Let $H=u_t$ in $[0,a]\times (0,T)$. Since
\begin{equation*}
H_t-H_{xx}=0\  \text{in }(0,a)\times (0,T),
\end{equation*}
it follows from the strong maximum principle that $H=u_t>0$ in 
$(0,a)\times (0,T)$.
\smallskip

(ii) If $u_{xx}(x,0)\leq 0$ in $(0,a)$, then from the above proof
we have $u_t\leq 0$ on $[0,a]\times (0,T)$ and $u_t<0$ in
$(0,a)\times (0,T)$. 
The proof is complete.
\end{proof}

 Now we show that, if $u_{xx}(x,0)\leq 0$ in $(0,a)$, namely, if 
$u_0$ is an upper solution, then we have quenching point at $x=0$.
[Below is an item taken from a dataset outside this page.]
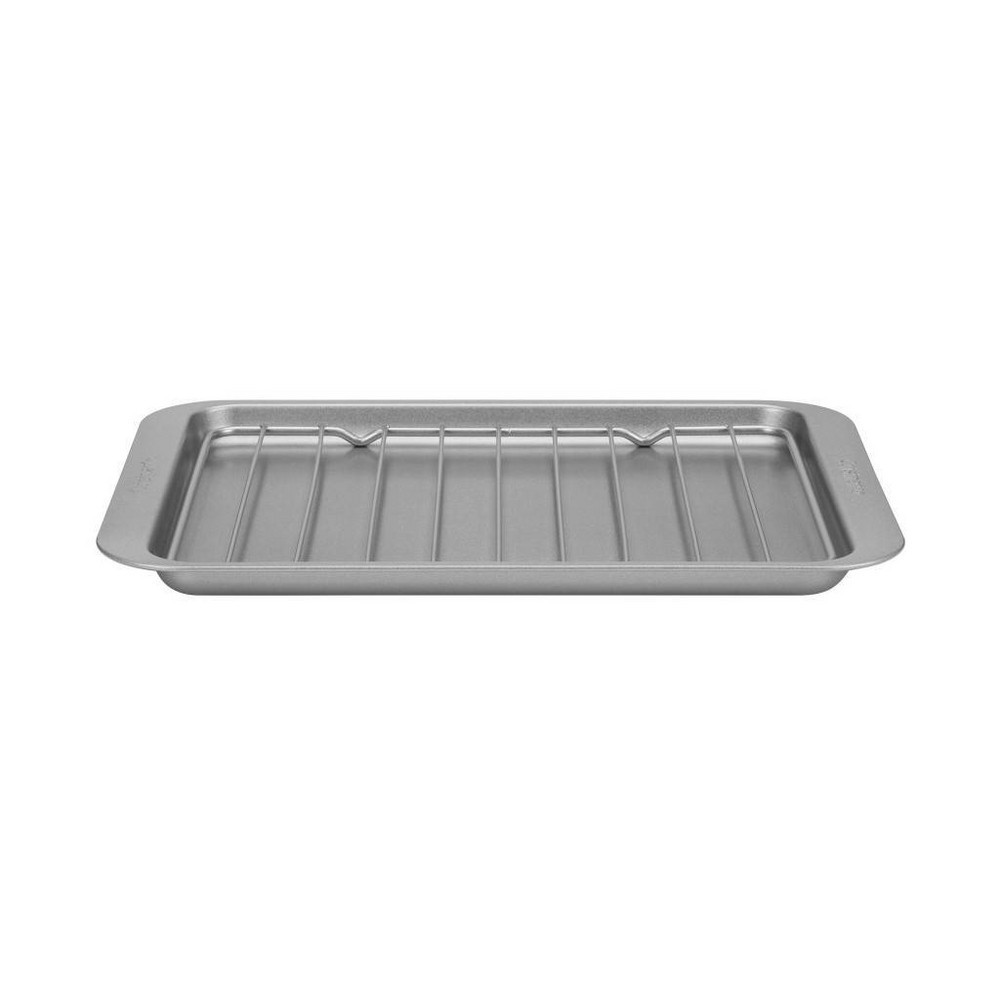 slide 3 of 4, Cuisinart Chef's Classic Non-Stick Toaster Oven Broiler Pan with Rack AMB-TOBPRKT, 1 ct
\begin{theorem} \label{thm2} 
If $u_0$ is an upper solution, then there
exist a finite time $T$, such that the solution $u$ of the problem \eqref{e2}
quenches at time $T$.
\end{theorem}

\begin{proof}
Assume that $u_0$ is an upper solution. Then
\begin{equation*}
\omega =-(1-u(a,0))^{-q}+u^{-p}(0,0)>0.
\end{equation*}
Introduce a mass function; $m(t)=\int_0^{a}u(x,t)dx$, $0<t<T$. Then
\begin{equation*}
m'(t)=(1-u(a,t))^{-q}-u^{-p}(0,t)\leq -\omega ,
\end{equation*}
by Lemma \ref{lem1} (ii). Thus, $m(t)\leq m(0)-\omega t$; and so 
$m(T_0)=0$ for some $T_0$, $(0<T\leq T_0)$  which
means $u$ quenches in a finite time.
\end{proof}

\begin{theorem} \label{thm3} 
If $u_0$ is an upper solution, then $x=0$
is the only quenching point.
\end{theorem}

\begin{proof}
Since $u_x(a,t)=(1-u(a,t))^{-q}>1$ and 
$u_{xx}=u_t<0$ in $(0,a)\times (0,T)$, then $u_x$ is a decreasing
function and so, $u_x(x,t)>1$ in $(0,a)\times (0,T)$. 
Let $\eta \in (0,a)$. Integrating this with respect to $x$ from $0$ 
to $\eta $, we have
\begin{equation*}
u(\eta ,t)>u(0,t)+\eta >0.
\end{equation*}
So $u$ does not quench in $(0,a]$. The proof is complete.
\end{proof}  

\begin{theorem} \label{thm4}
If $u_0$ is an upper solution, then $u_t$
blows up at quenching time.
\end{theorem}

\begin{proof} 
Suppose that $u_t$ is bounded on $[0,a]\times[ 0,T)$. Then, there
exists a positive constant $M$ such that $ u_t>-M$. We have $u_{xx}>-M$. 
Integrating this twice with respect to $x$ from $0$ to $x$, and then 
from $0$ to $a$, we have
\begin{equation*}
\frac{-a}{u^{p}(0,t)}>-\frac{Ma^{2}}{2}-u(a,t)+u(0,t).
\end{equation*}
As $t\to T^{-}$, the left-hand side tends to negative\ infinity,
while the right-hand side is finite. This contradiction shows that $u_t$
blows up somewhere. 
\end{proof}

 Now, we show that, if $u_{xx}(x,0)\geq 0$ in $(0,a)$, namely 
$u_0$ is a lower solution then we have quenching point at $x=a$.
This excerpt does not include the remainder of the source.